(Beginning of DATA FOR THIS EXERCISE)

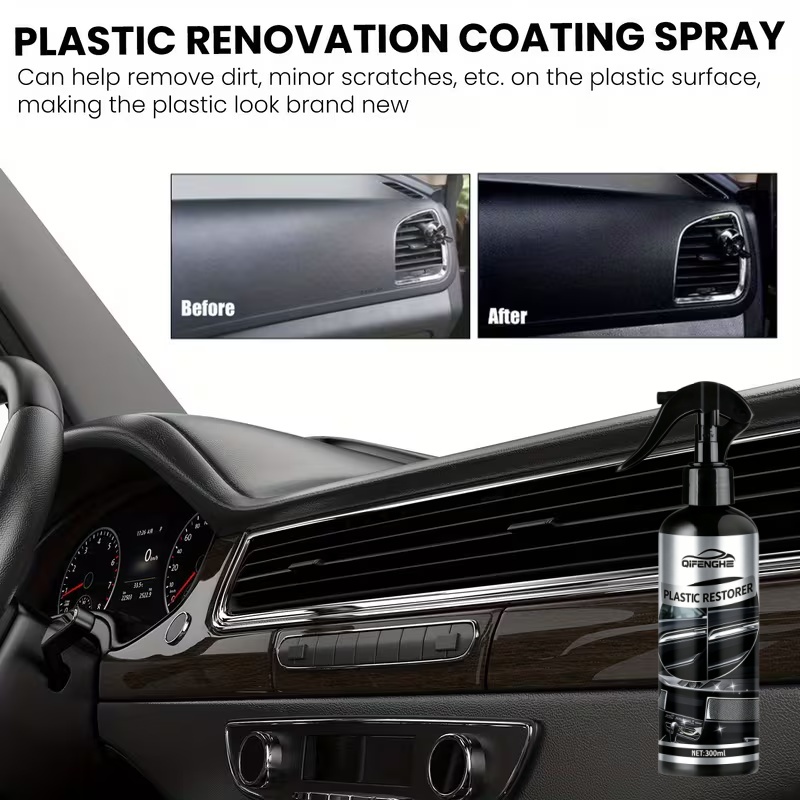 300 مل من مُجدد البلاستيك طويل - مراجعة Trim Restorer Plastic وسعره
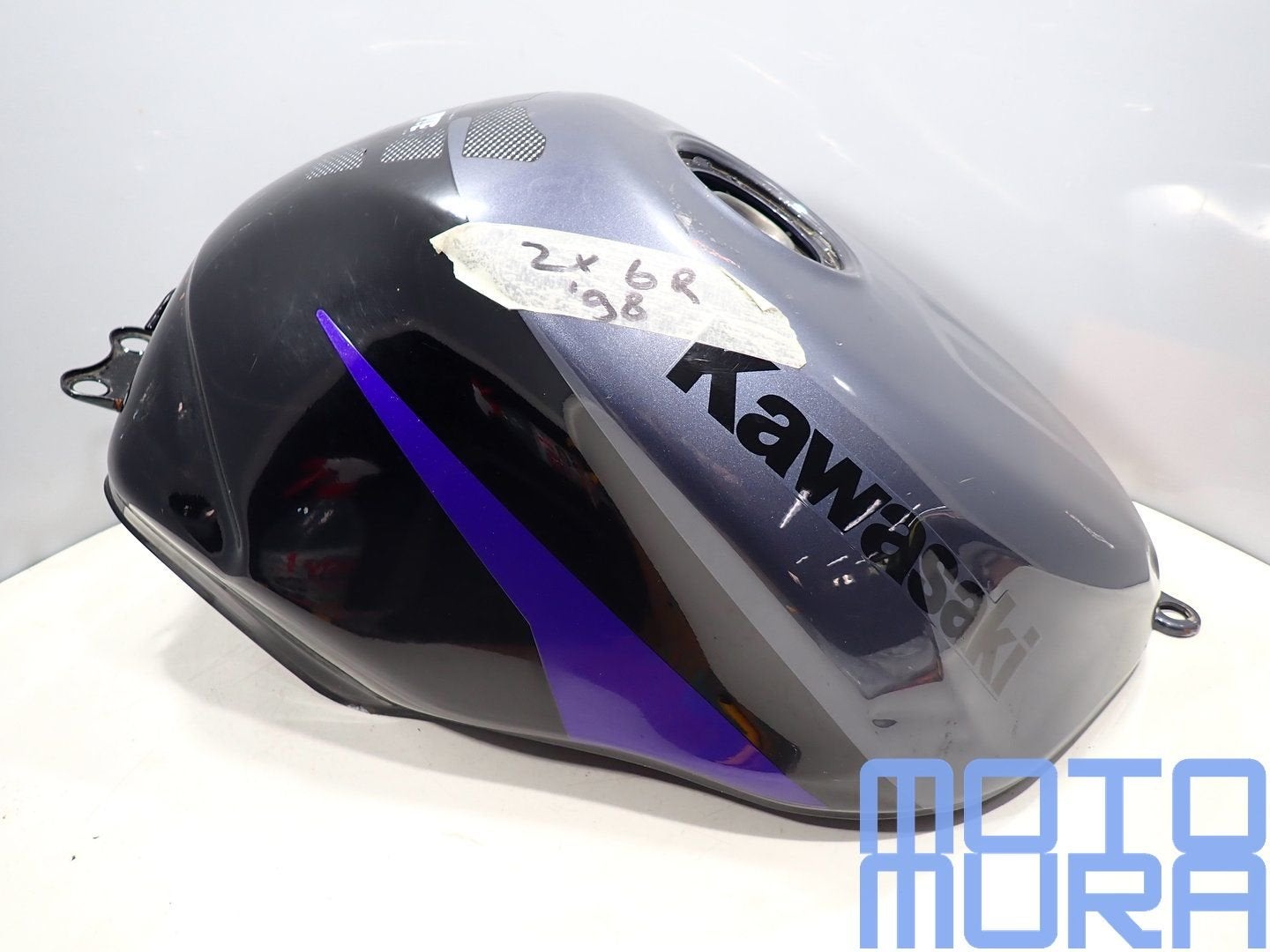 Kawasaki ZX6R 1998 - 1999 benzinetank brandstoftank ZX-6R ZX, Motoren, Gebruikt, -, -, Ophalen of Verzenden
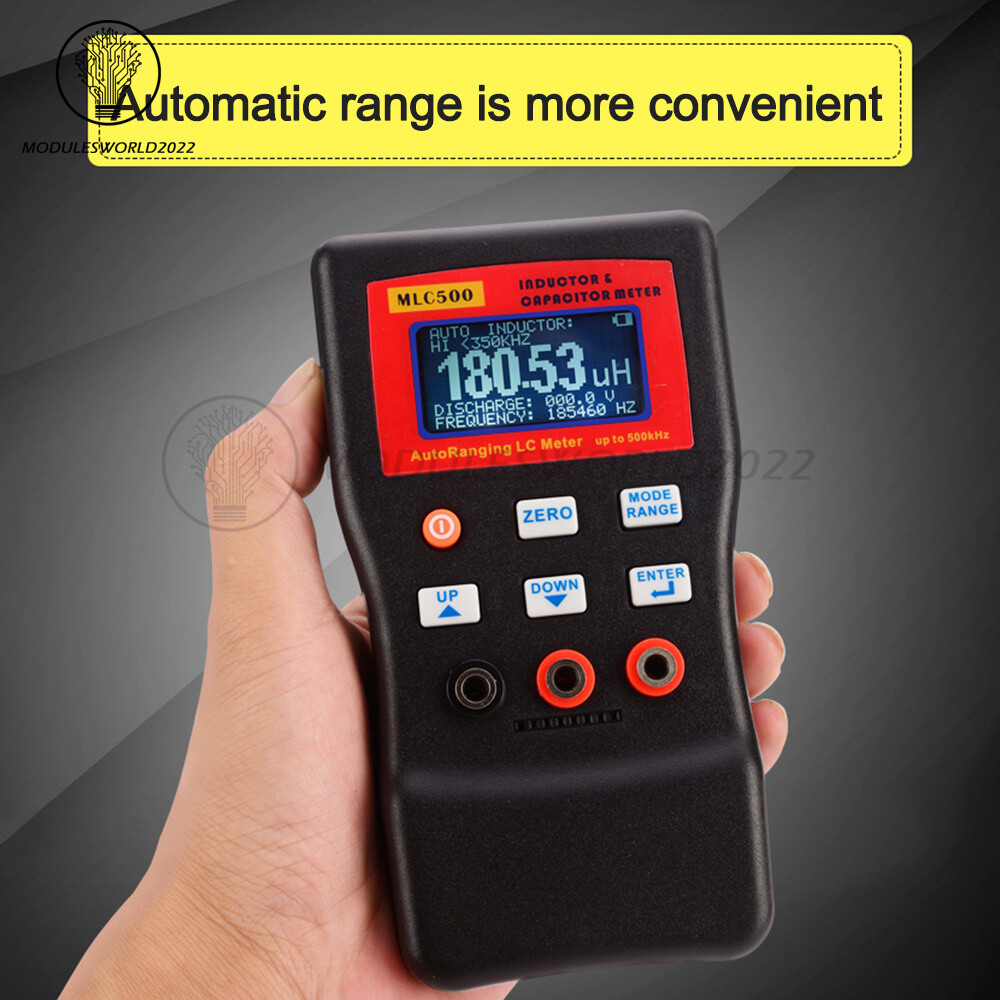 MLC500 Auto Range LCR Capacitance Inductance Meter Digital Capacitance Tester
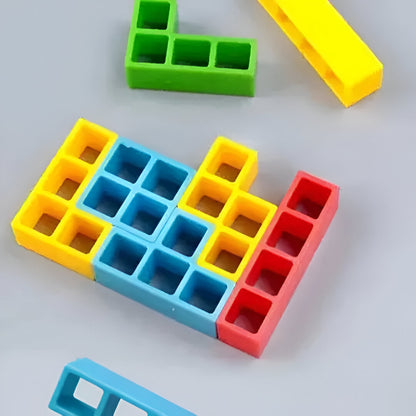 Klocki Magnetyczne Edukacyjne Balansujące Gra Zręcznościowa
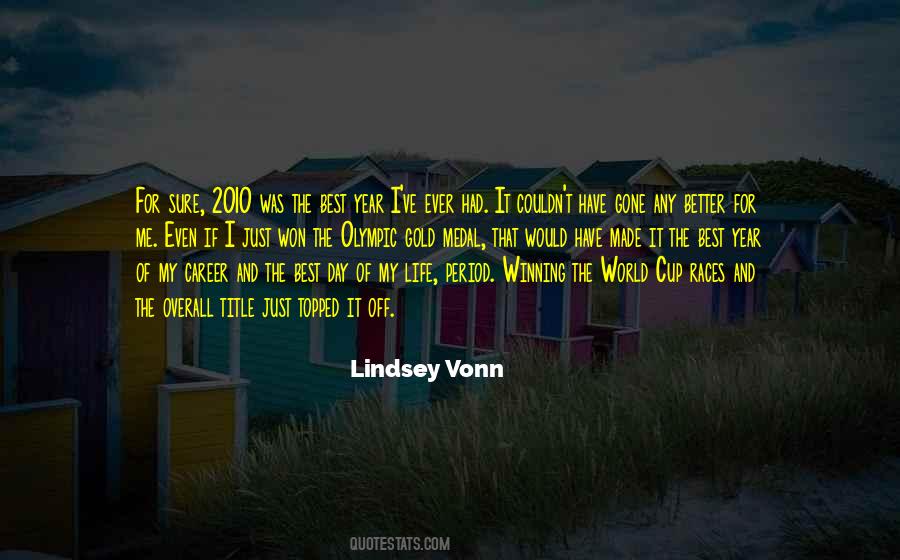 Lindsey Vonn Quotes #327036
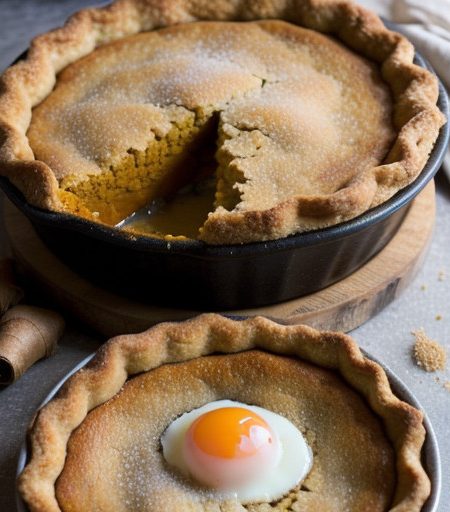 Pumpkin Cobbler recipe image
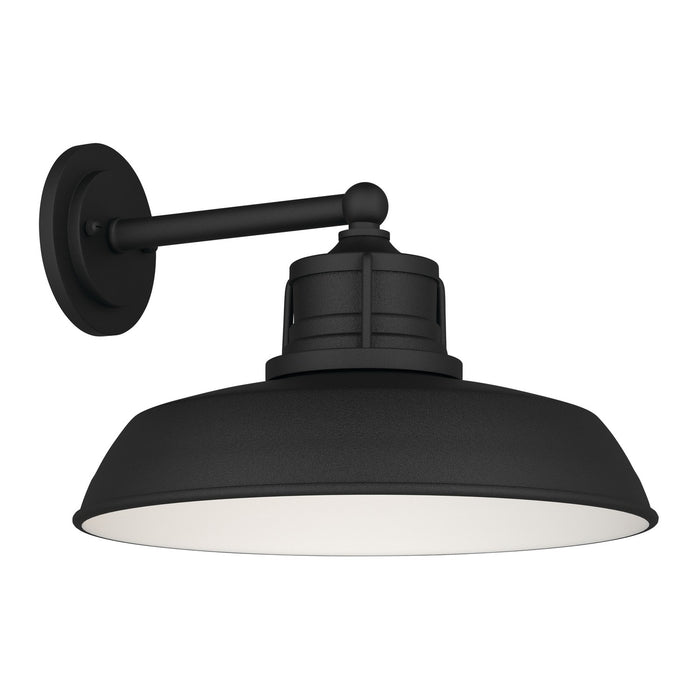 Myhouse Lighting Kichler - 59206BKT - One Light Outdoor Wall Mount - Fielding - Textured Black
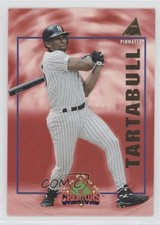 1994 Pinnacle The Run Creators Danny Tartabull #RC21 f7j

(End of DATA FOR THIS EXERCISE)

Give back the full listing exactly as written, only without its pictures.

 300 مل من مُجدد البلاستيك طويل - مراجعة Trim Restorer Plastic وسعره
 Kawasaki ZX6R 1998 - 1999 benzinetank brandstoftank ZX-6R ZX, Motoren, Gebruikt, -, -, Ophalen of Verzenden
 MLC500 Auto Range LCR Capacitance Inductance Meter Digital Capacitance Tester
 Klocki Magnetyczne Edukacyjne Balansujące Gra Zręcznościowa
 Lindsey Vonn Quotes #327036
 Pumpkin Cobbler recipe image
 Myhouse Lighting Kichler - 59206BKT - One Light Outdoor Wall Mount - Fielding - Textured Black
 1994 Pinnacle The Run Creators Danny Tartabull #RC21 f7j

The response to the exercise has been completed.